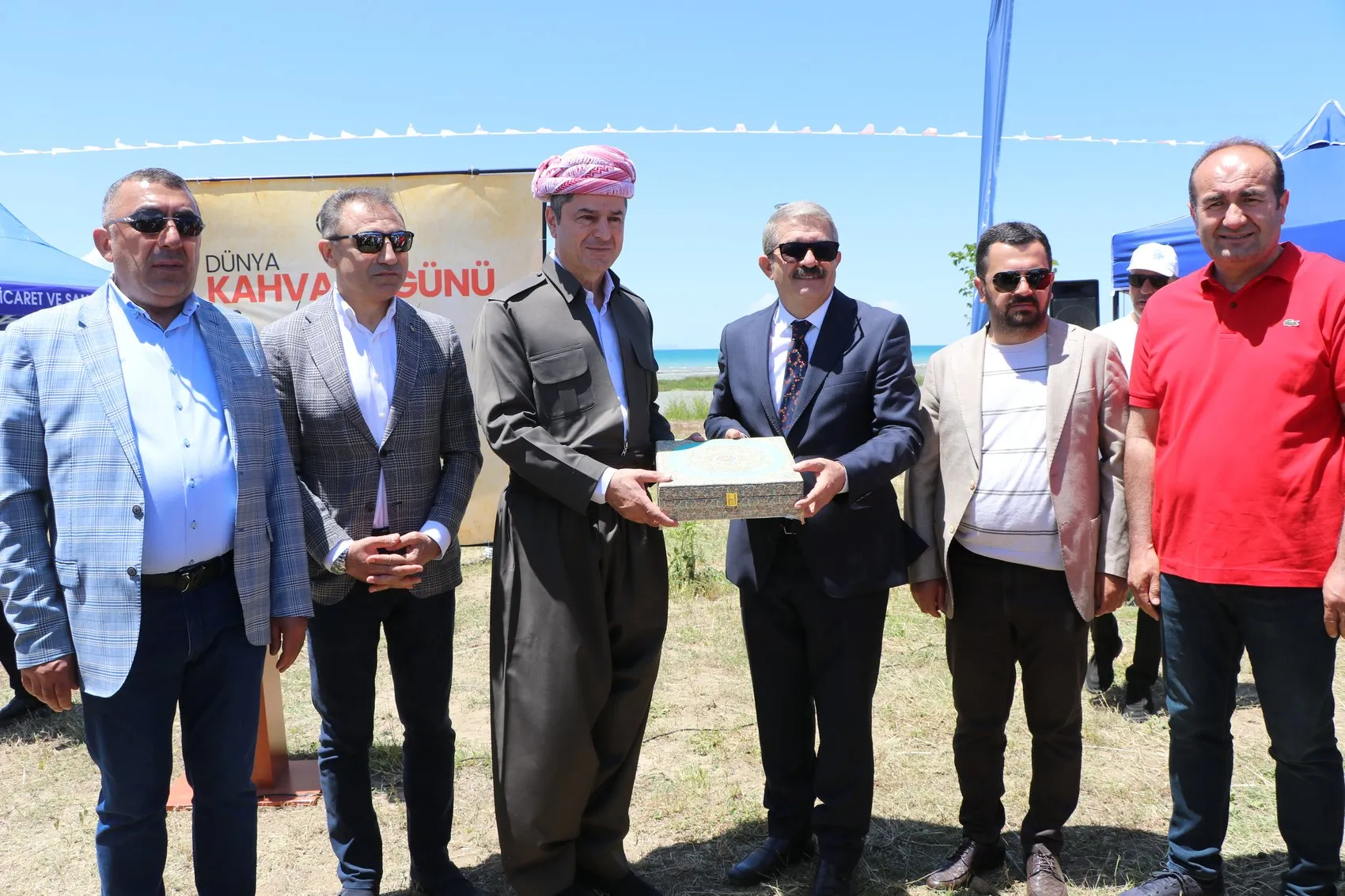 Van Gölü kıyısında binlerce yıllık kahvaltı mirası buluştu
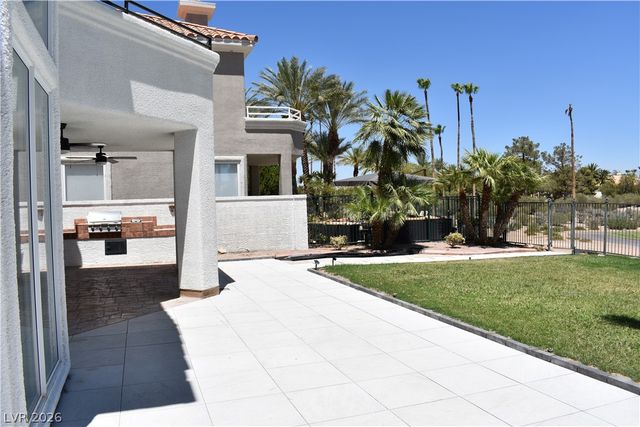 2208 Bay Hill Drive, Las Vegas, NV 89117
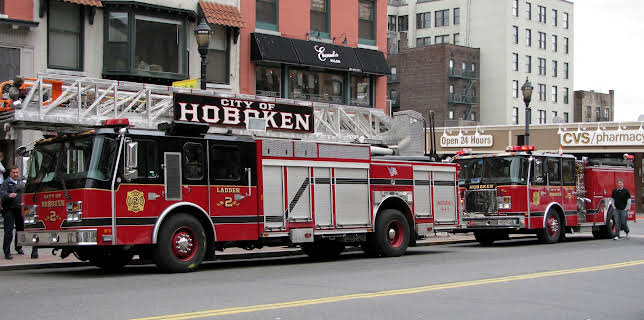 06:00: Cake Boss (S1 E2) (S1) | TLC | 2/10 2026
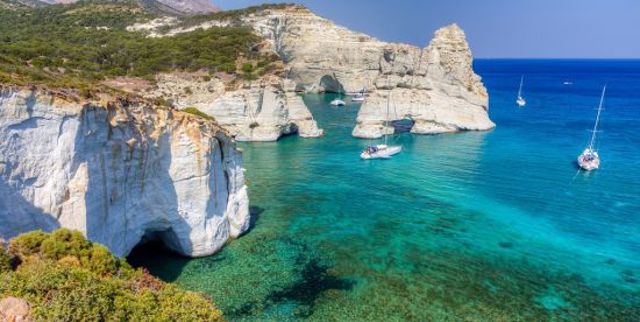 08 Kleftiko Beach Milos b2453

****

• [The problem] A verbatim copy of the listing, with all pictures removed, is required.

• [Answer box]
 Van Gölü kıyısında binlerce yıllık kahvaltı mirası buluştu
 2208 Bay Hill Drive, Las Vegas, NV 89117
 06:00: Cake Boss (S1 E2) (S1) | TLC | 2/10 2026
 08 Kleftiko Beach Milos b2453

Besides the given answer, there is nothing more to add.